To provide safe and quality care for patients having systemic therapy, health services should have these features:

  • a clearly defined path to emergency care and advice after hours
  • access to diagnostic pathology including basic haematology and biochemistry, and imaging
  • cytotoxic drugs prepared in a pharmacy with appropriate facilities
  • occupational health and safety guidelines regarding handling of cytotoxic drugs, including preparation, waste procedures and spill kits (eviQ 2019b)
  • guidelines and protocols to deliver treatment safely (including dealing with extravasation of drugs)
  • coordination for combined therapy with radiation therapy, especially where facilities are not co-located
  • appropriate molecular pathology access

Some women with ovarian cancer may benefit from radiation therapy for symptomatic relief and palliation of metastatic or recurrent disease (Jiang et al. 2018). In selected cases, radiation may also be considered as part of primary treatment.

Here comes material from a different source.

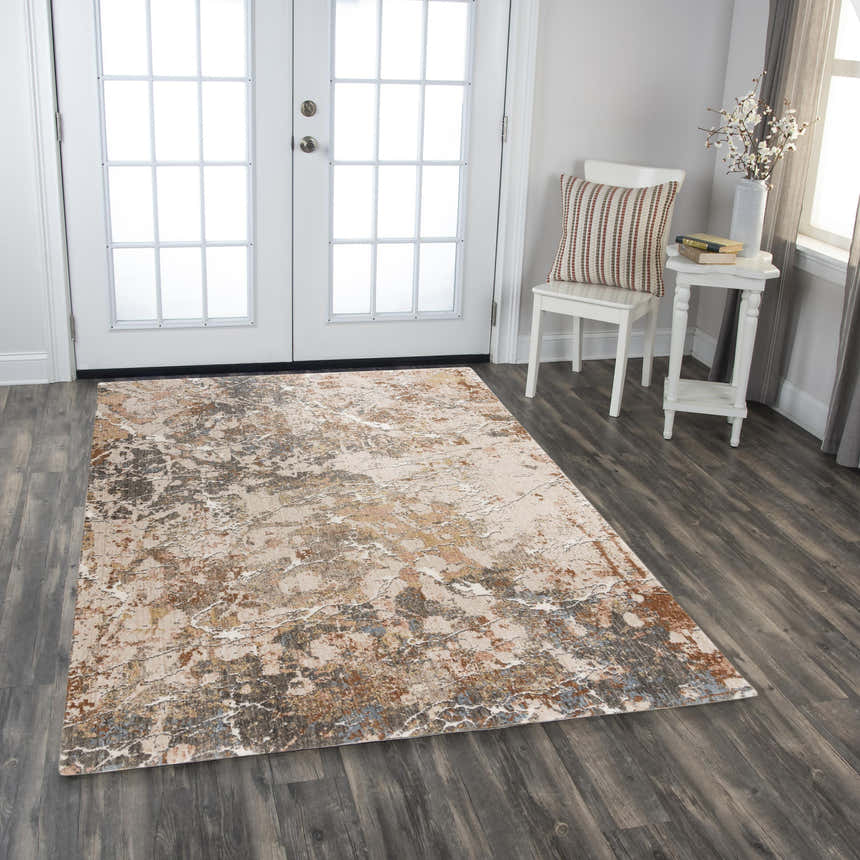 Entryway scene with Rizzy LOG734 rug. Abstract design in beige, dark red, and rust on dark wood floors. White door and accents. Roomscene-Rectangle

Timeframe for starting treatment

Radiation therapy should begin within four weeks of the MDM.

Training and experience required of the appropriate specialists

Radiation oncologist (FRANZCR or equivalent) with adequate training and experience that enables institutional credentialing and agreed scope of practice within this area. The radiation oncologist must also be a core member of a gynaecological oncology multidisciplinary team.

The training and experience of the radiation oncologist should be documented.

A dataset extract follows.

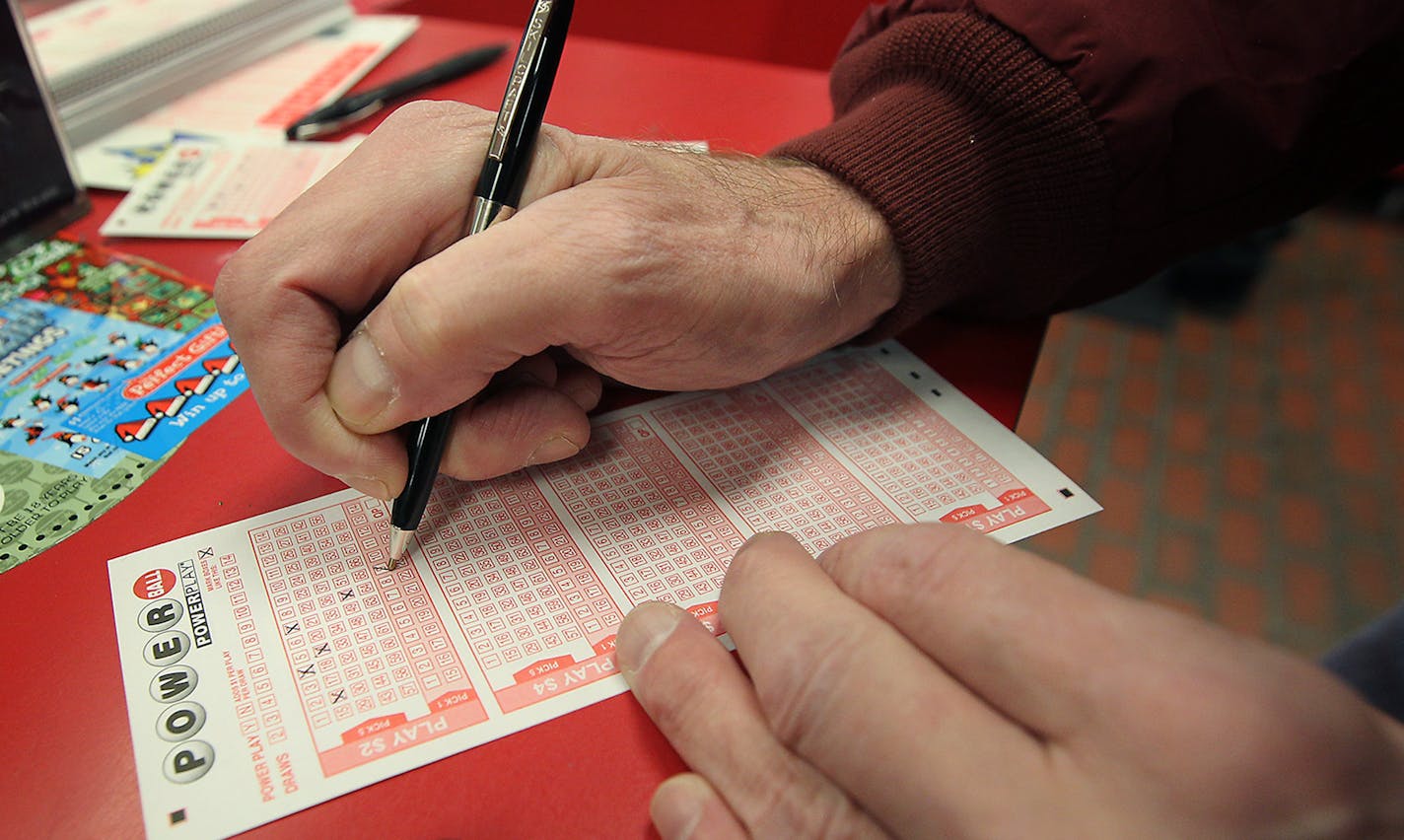 Kevin Hughes filled out a Powerball ticket Friday for purchase at a Northeast Minneapolis Super America.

Health service unit characteristics

To provide safe and quality care for patients having radiation therapy, health services should have these features:

  • linear accelerator (LINAC) capable of image-guided radiation therapy (IGRT)
  • dedicated CT planning
  • access to MRI and PET imaging
  • automatic record-verify of all radiation treatments delivered
  • a treatment planning system
  • trained medical physicists, radiation therapists and nurses with radiation therapy experience
  • coordination for combined therapy with systemic therapy, especially where facilities are not co-located
  • participation in Australian Clinical Dosimetry Service audits
  • an incident management system linked with a quality management system

Some women with ovarian cancer may benefit from the addition of targeted therapies:

  • PARP inhibitors, which inhibit the enzyme poly ADP ribose polymerase – these may typically benefit patients with gene mutations
  • angiogenesis inhibitors – these prevent the growth of blood vessels related to tumours

Emerging therapies showing promise for treating ovarian cancer include DNA-damaged pathway inhibitors. Other therapies may be considered within the confines of a clinical trial.

Immunotherapy has not been shown to be of benefit and should not be used outside of a clinical trial.